What parameters can we tune?
Source: https://xgboost.readthedocs.io/en/stable/parameter.html

- `booster` [default: `gbtree`]: 
  - Description: Specifies the booster type to use.
  - Options: 
    - `gbtree`: Uses tree-based models.
    - `dart`: Similar to `gbtree`, but with dropout.
    - `gblinear`: Uses linear functions.
    
- `eta` [default: `0.3`, alias: `learning_rate`]: 
  - Description: Step size shrinkage used in update to prevent overfitting. 
  - Range: `[0, 1]`

- `max_depth` [default: `6`]: 
  - Description: Maximum depth of a tree. Increasing this value will make the model more complex and likely to overfit. 
  - Range: `[0, ∞]` (0 indicates no limit)

- `subsample` [default: `1`]: 
  - Description: Subsample ratio of the training instances to prevent overfitting. 
  - Range: `(0, 1]`

- `lambda` [default: `1`, alias: `reg_lambda`]: 
  - Description: L2 regularization term on weights. 
  - Range: `[0, ∞]`

- `alpha` [default: `0`, alias: `reg_alpha`]: 
  - Description: L1 regularization term on weights. 
  - Range: `[0, ∞]`

- `eval_metric` [default: according to objective]: 
  - Description: Evaluation metrics for validation data. 
  - Note: A default metric is assigned according to the objective (e.g., `rmse` for regression, `logloss` for classification). Users can add multiple evaluation metrics.


## GridSearch

First only searching different tree level depths:

In [None]:
# hyperparameter tuning with gridsearch

from sklearn.model_selection import GridSearchCV

# Define a range of hyperparameters to tune
param_grid = {
    'max_depth': [3, 5, 7, 10],
    #'learning_rate': [0.01, 0.05, 0.1, 0.2],
    #'n_estimators': [100, 200, 300, 500],
    #'subsample': [0.7, 0.8, 0.9],
}

# Initialize the XGBRegressor with enable_categorical=True
xgb_reg = XGBRegressor(enable_categorical=True)

# Initialize GridSearchCV
grid_search = GridSearchCV(estimator=xgb_reg, param_grid=param_grid, cv=3, n_jobs=-1, verbose=2)

# Fit GridSearchCV
grid_search.fit(X_train, y_train)

# Get the best parameters and estimator
best_params = grid_search.best_params_
best_model = grid_search.best_estimator_


In [None]:
best_params

In [None]:
best_model

In [None]:
# checking best model's MAE on test set

y_pred = best_model.predict(X_test)

# Calculate the Mean Absolute Error between the actual and predicted values
mae = mean_absolute_error(y_test, y_pred)

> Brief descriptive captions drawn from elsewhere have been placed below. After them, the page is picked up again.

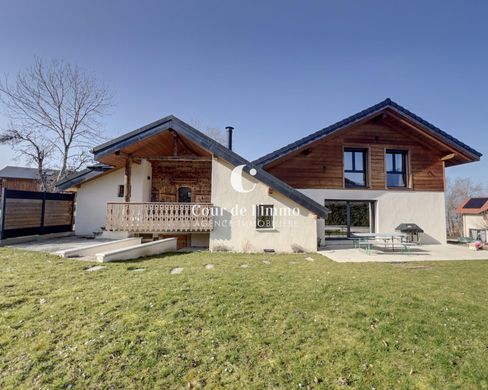 Maison de luxe à Saint-Jean-de-Tholome, Haute-Savoie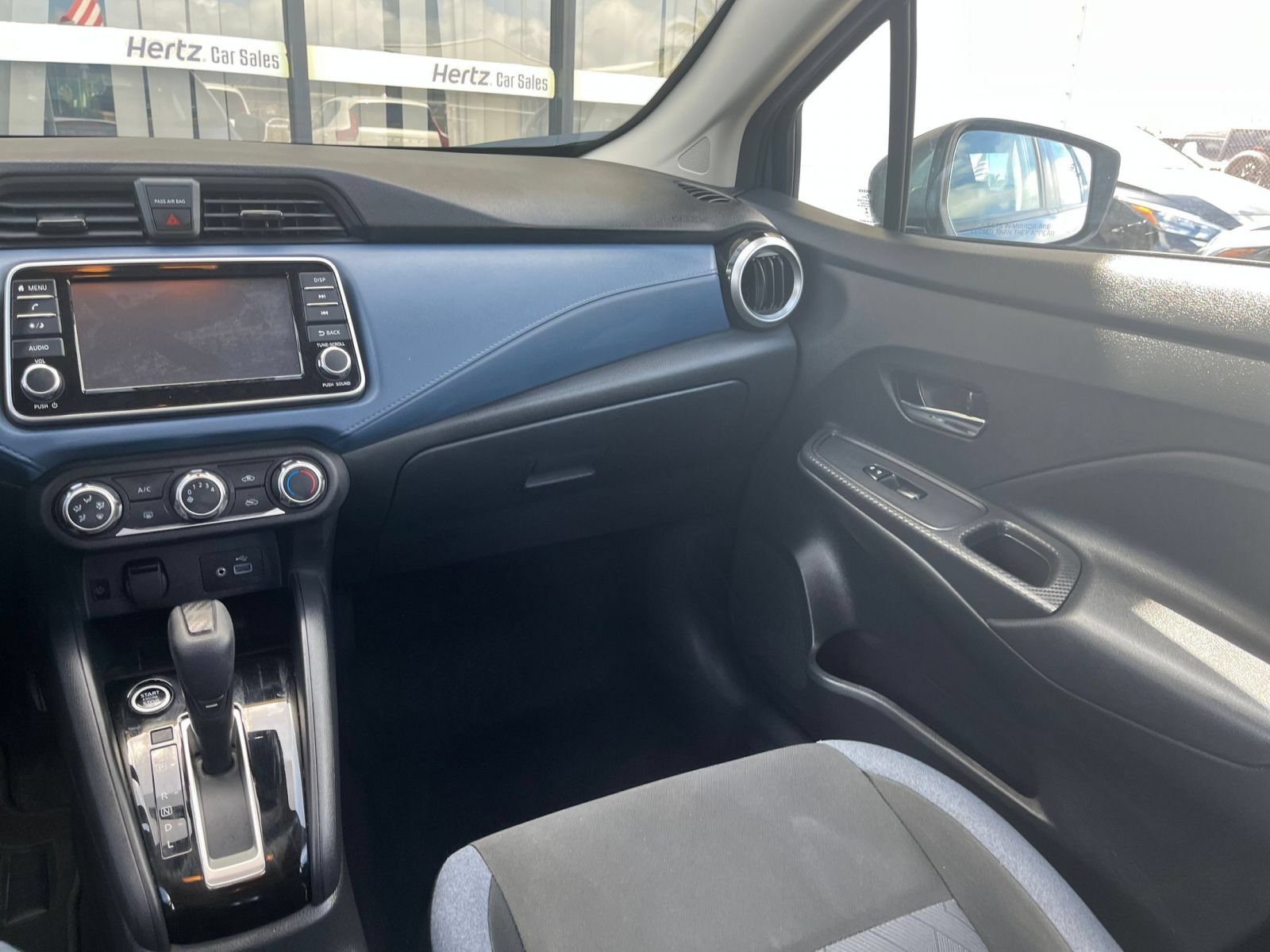 Used 2025 Nissan Versa SV FWD image 32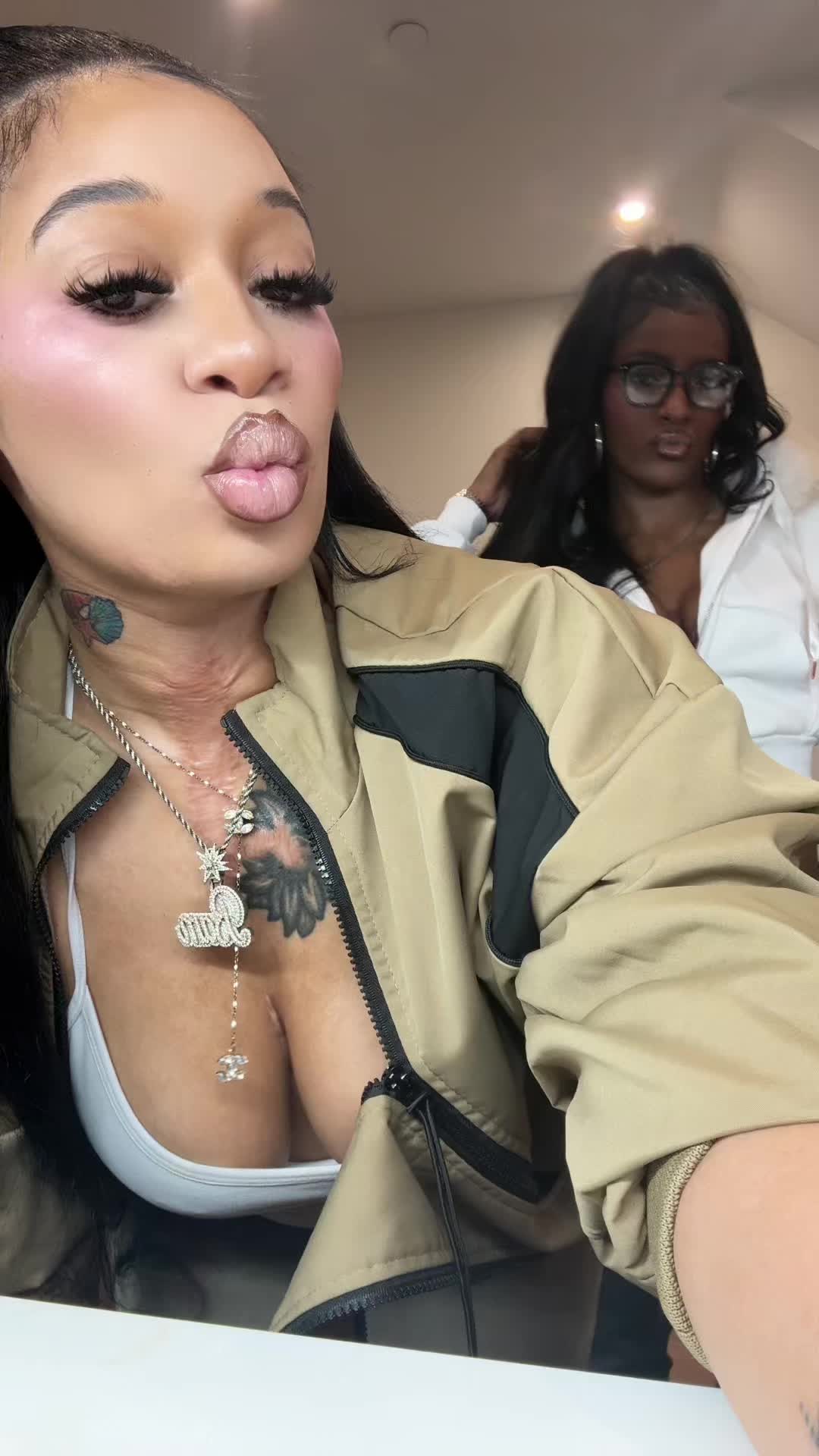 @BAM🦄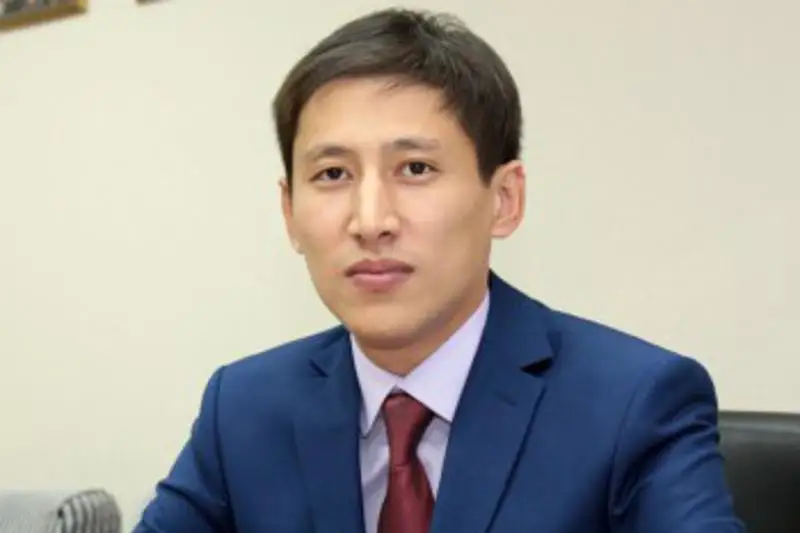 Изменения в проведении встреч акимов с народом назревали давно – эксперт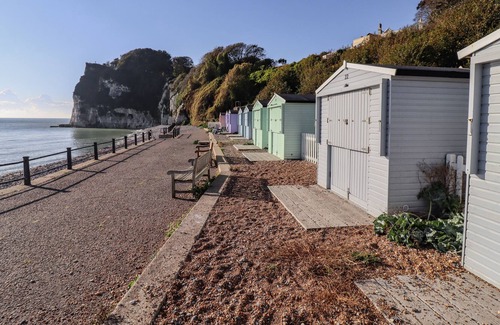 St Margaret's at Cliffe Apartment | STEEPACRE, country holiday cottage in St Margaret's At Cliffe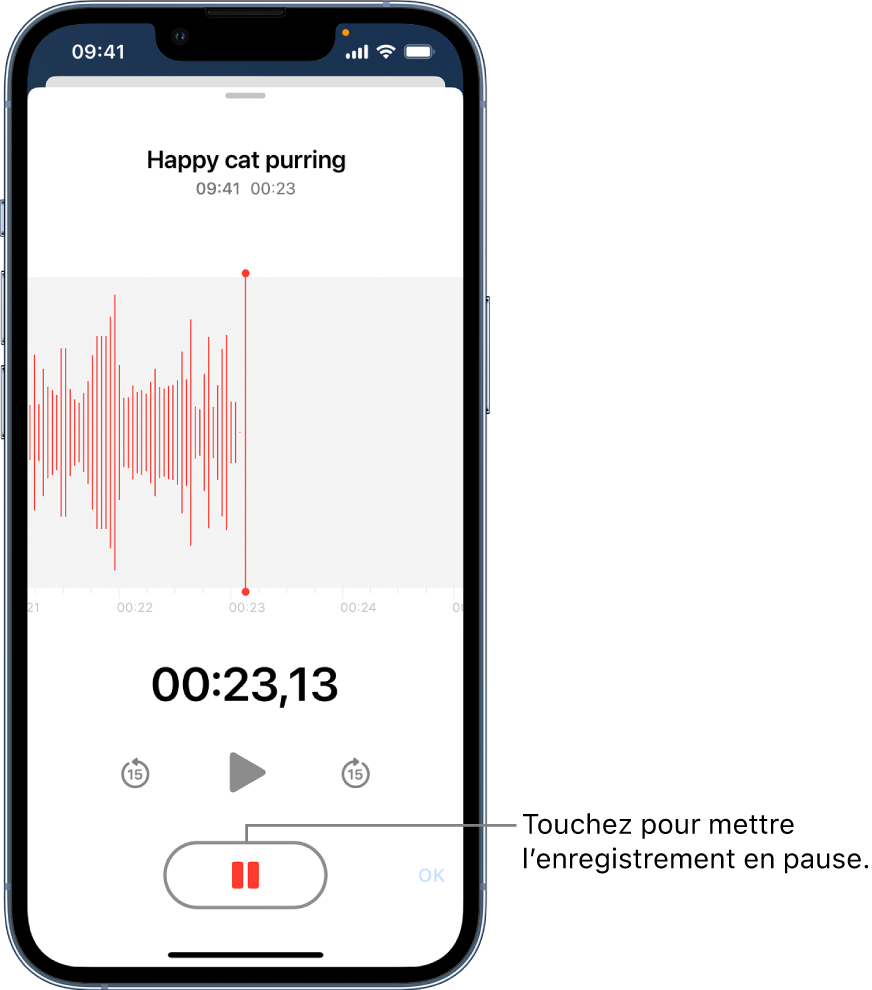 Un enregistrement de mémo vocal en cours, avec un bouton Pause actif en surbrillance et des commandes grisées permettant de lire l’enregistrement, d’avancer de 15 secondes et de reculer de 15 secondes. La majeure partie de l’écran affiche la forme d’onde de l’enregistrement en cours, ainsi que sa durée. Le voyant orange « Micro en cours d’utilisation » apparaît en haut à droite.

print(f"Mean Absolute Error (MAE): {mae}")

In [None]:
# checking best model's MAE on train set

y_pred = best_model.predict(X_train)

# Calculate the Mean Absolute Error between the actual and predicted values
mae = mean_absolute_error(y_train, y_pred)

print(f"Mean Absolute Error (MAE): {mae}")

## RandomizedSearch
Different parameters are tuned, and df is split into consumption/production.

In [None]:
# randomized search, but splitting the df into consumption/production, and choosing different parameters for tuning

from sklearn.model_selection import RandomizedSearchCV

drop_columns = [
    'target',
    'hours_ahead_forecast_weather',
    'row_id',
    'data_block_id',
    'prediction_unit_id',
    'longitude_hist_weather',
    'longitude_forecast_weather',
    'latitude_hist_weather',
    'latitude_forecast_weather'
]
# max_depth 15 leads to overfitting
params = {
    'gamma': [0, 0.1, 1, 10],
    'max_depth': [4, 6, 8],
    'min_child_weight': [0, 1, 4, 8],
    'lambda': [0, 0.01, 0.1, 1],
    'num_parallel_tree': [1, 2, 3],
}
# consumption model
X_train, X_test, y_train_cons,  y_test_cons = train_test_split(
    model_df.drop(drop_columns, axis=1).query('is_consumption == 1'),
    model_df.query('is_consumption == 1')['target'],
    test_size=0.3,
    random_state=0
)

bst_cons = RandomizedSearchCV(
    estimator=XGBRegressor(enable_categorical=True),
    param_distributions=params,
    scoring='neg_mean_absolute_error',
    n_iter=10,
    cv=2
)
bst_cons.fit(X_train, y_train_cons)
y_pred_test_cons = bst_cons.predict(X_test)
y_pred_train_cons = bst_cons.predict(X_train)
print('Mean absolute error train consumption', mean_absolute_error(y_train_cons, y_pred_train_cons))
print('Mean absolute error test consumption', mean_absolute_error(y_test_cons, y_pred_test_cons))
# production model
X_train, X_test, y_train_prod,  y_test_prod = train_test_split(
    model_df.drop(drop_columns, axis=1).query('is_consumption == 0'),
    model_df.query('is_consumption == 0')['target'],
    test_size=0.3,
    random_state=0
)

bst_prod = RandomizedSearchCV(
    estimator=XGBRegressor(enable_categorical=True),
    param_distributions=params,
    scoring='neg_mean_absolute_error',
    n_iter=10,
    cv=2
)
bst_prod.fit(X_train, y_train_prod)
y_pred_test_prod = bst_prod.predict(X_test)
y_pred_train_prod = bst_prod.predict(X_train)
print('Mean absolute error train production', mean_absolute_error(y_train_prod, y_pred_train_prod))
print('Mean absolute error test production', mean_absolute_error(y_test_prod, y_pred_test_prod))
# overall score
print(
    'Mean absolute error train overall',
    mean_absolute_error(
          pd.concat([pd.Series(y_train_cons), pd.Series(y_train_prod)]),
          pd.concat([pd.Series(y_pred_train_cons), pd.Series(y_pred_train_prod)])
    )
)
print(
    'Mean absolute error test overall',
    mean_absolute_error(
        pd.concat([pd.Series(y_test_cons), pd.Series(y_test_prod)]),
        pd.concat([pd.Series(y_pred_test_cons), pd.Series(y_pred_test_prod)])
    )
)



MAE is quite similar with the two hyperparameter search, max tree depth level is probably somewhere between 8 and 10.
We need to validate our model on the test dataset, to see its reliability.